▶ _About this task_: Pictures excluded, reproduce exactly the lines below from the one with "Uomini | Pre-Owned" through the one with "Viši sud u Beogradu: Optužnicu", both included.

▶ _Input data_:
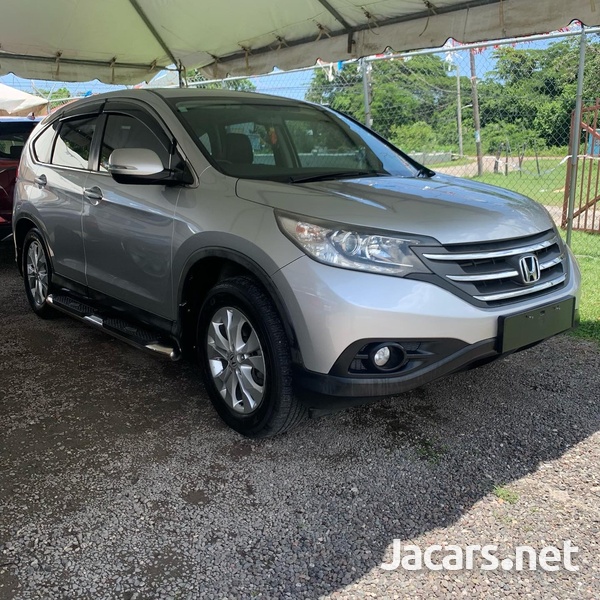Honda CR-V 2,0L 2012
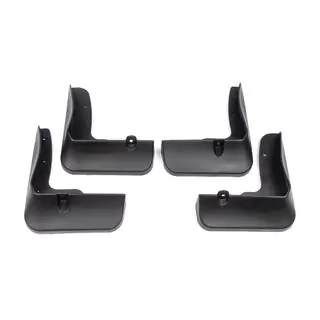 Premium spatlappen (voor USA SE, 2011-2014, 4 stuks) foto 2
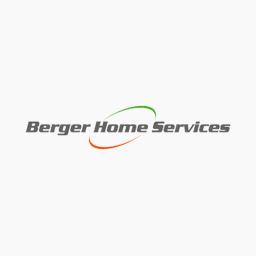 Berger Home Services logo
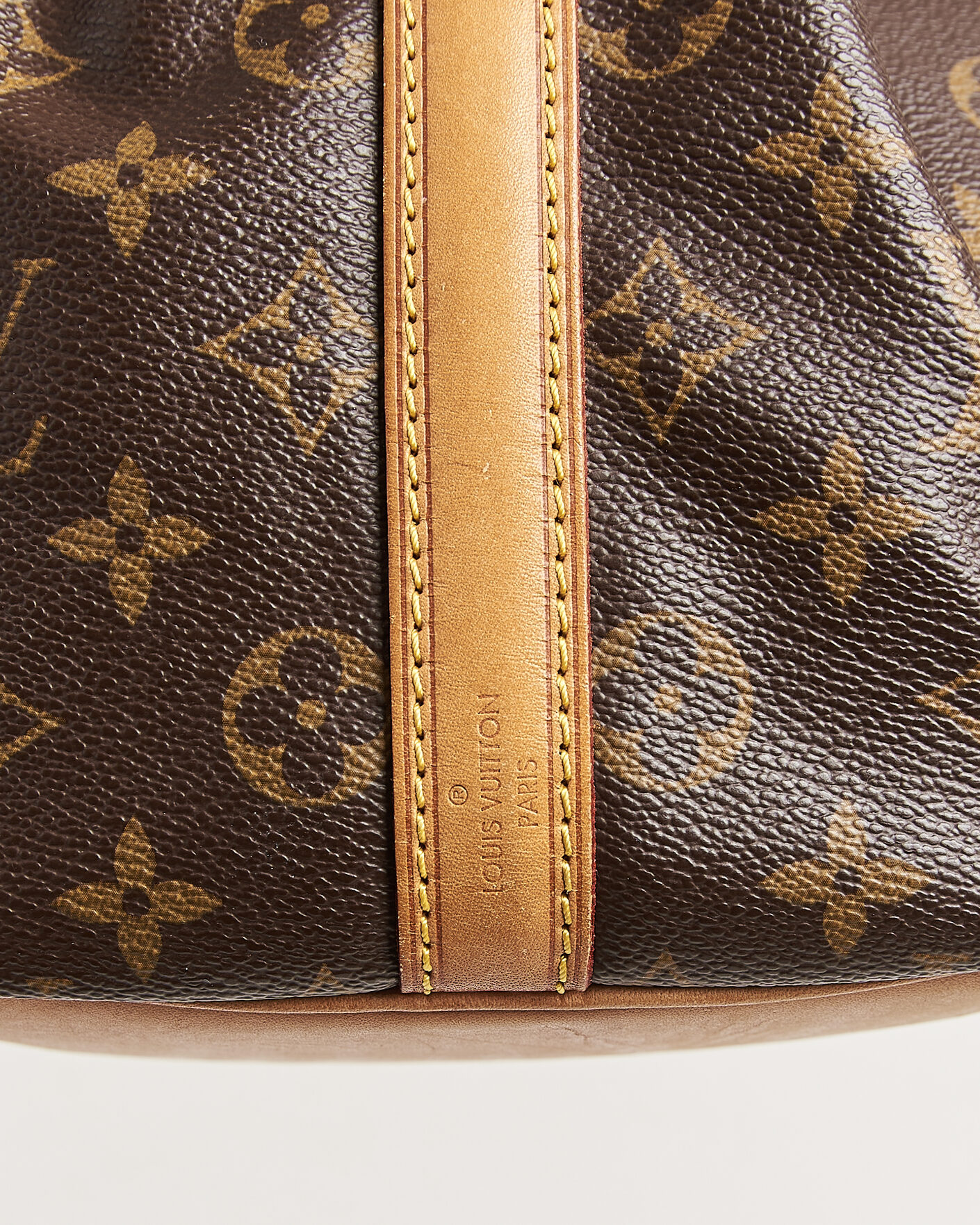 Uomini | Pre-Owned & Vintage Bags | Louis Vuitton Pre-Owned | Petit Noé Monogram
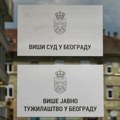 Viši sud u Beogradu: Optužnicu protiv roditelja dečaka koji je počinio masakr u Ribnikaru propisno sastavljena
--
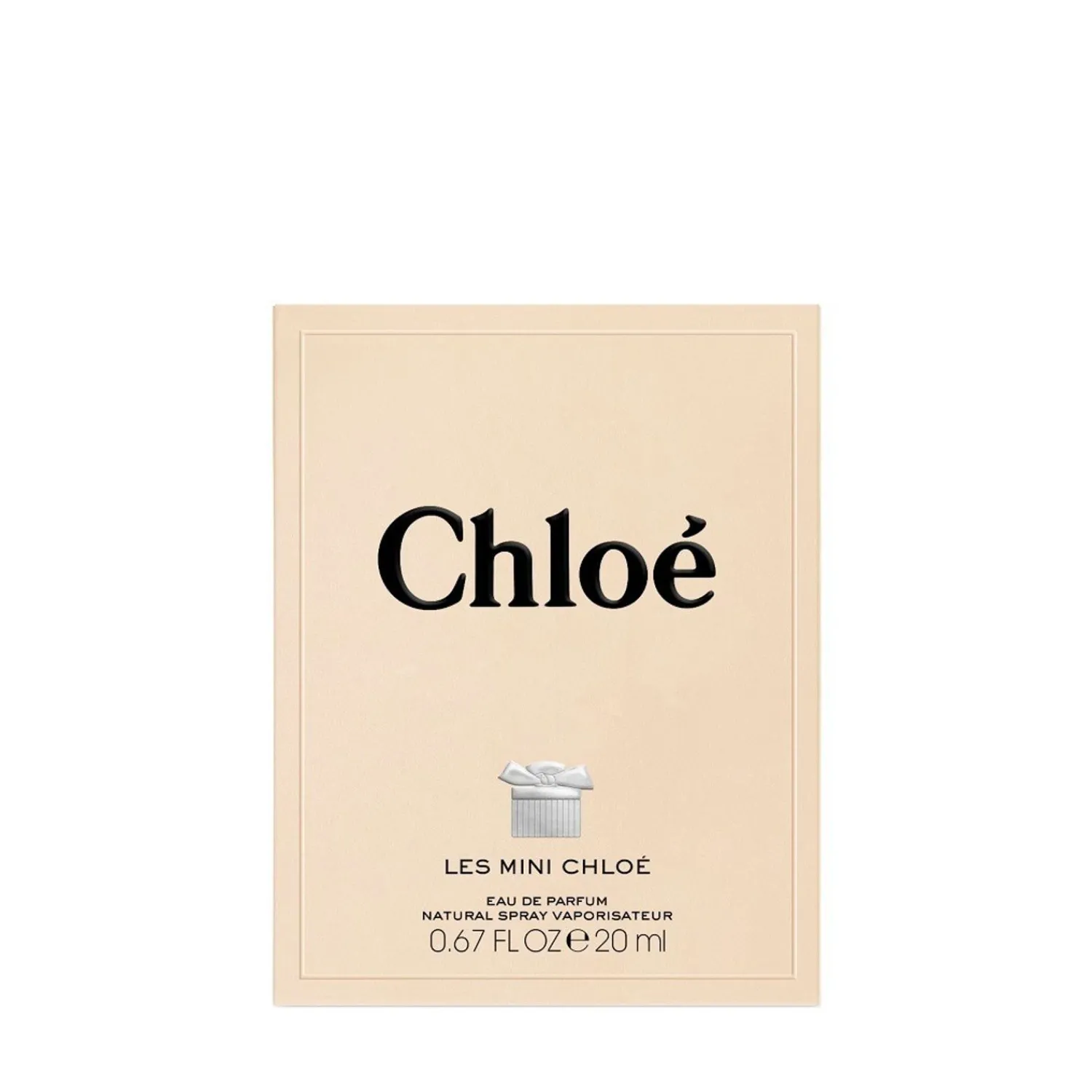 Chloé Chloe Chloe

▶ _Finished task_:
 Uomini | Pre-Owned & Vintage Bags | Louis Vuitton Pre-Owned | Petit Noé Monogram
 Viši sud u Beogradu: Optužnicu protiv roditelja dečaka koji je počinio masakr u Ribnikaru propisno sastavljena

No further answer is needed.